WORK ITEM - Return every line from the one with "1 - Robinzon.ua" through the one with "转折点！浙江队战术微调，国王", inclusive, exactly as it appears below.

RAW DATA -
==========

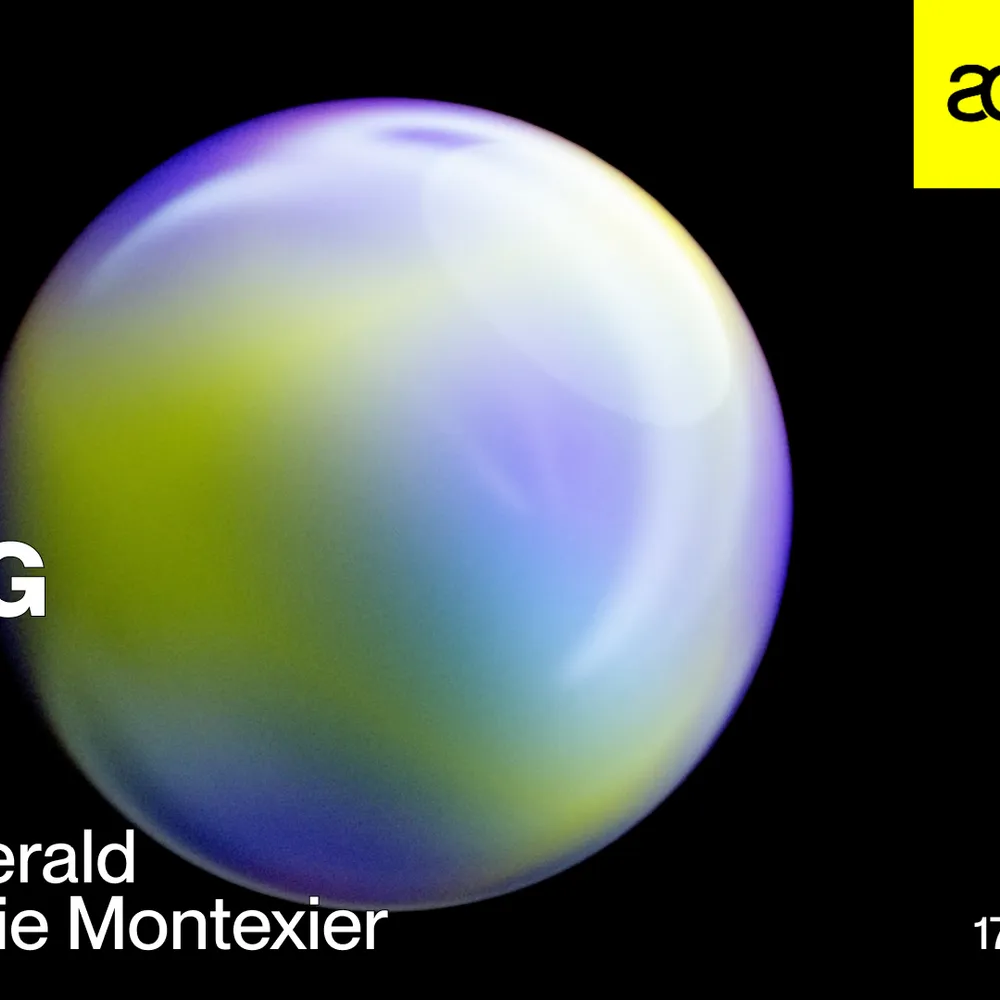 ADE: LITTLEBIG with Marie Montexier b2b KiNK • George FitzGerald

==========

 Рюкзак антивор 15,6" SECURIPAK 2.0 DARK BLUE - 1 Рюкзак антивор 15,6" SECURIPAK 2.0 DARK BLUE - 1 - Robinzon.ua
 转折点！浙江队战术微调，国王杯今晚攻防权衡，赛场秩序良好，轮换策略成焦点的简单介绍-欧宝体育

==========

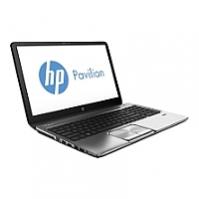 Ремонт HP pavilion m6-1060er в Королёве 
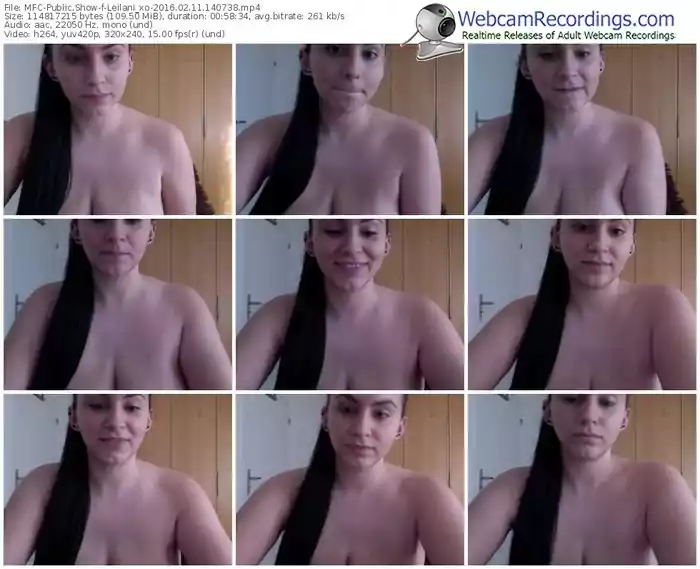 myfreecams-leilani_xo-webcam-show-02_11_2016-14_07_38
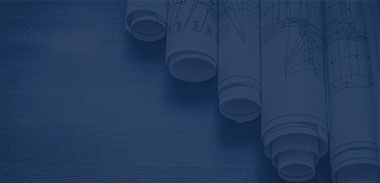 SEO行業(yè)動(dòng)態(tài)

==========

RESPONSE -
 Рюкзак антивор 15,6" SECURIPAK 2.0 DARK BLUE - 1 Рюкзак антивор 15,6" SECURIPAK 2.0 DARK BLUE - 1 - Robinzon.ua
 转折点！浙江队战术微调，国王杯今晚攻防权衡，赛场秩序良好，轮换策略成焦点的简单介绍-欧宝体育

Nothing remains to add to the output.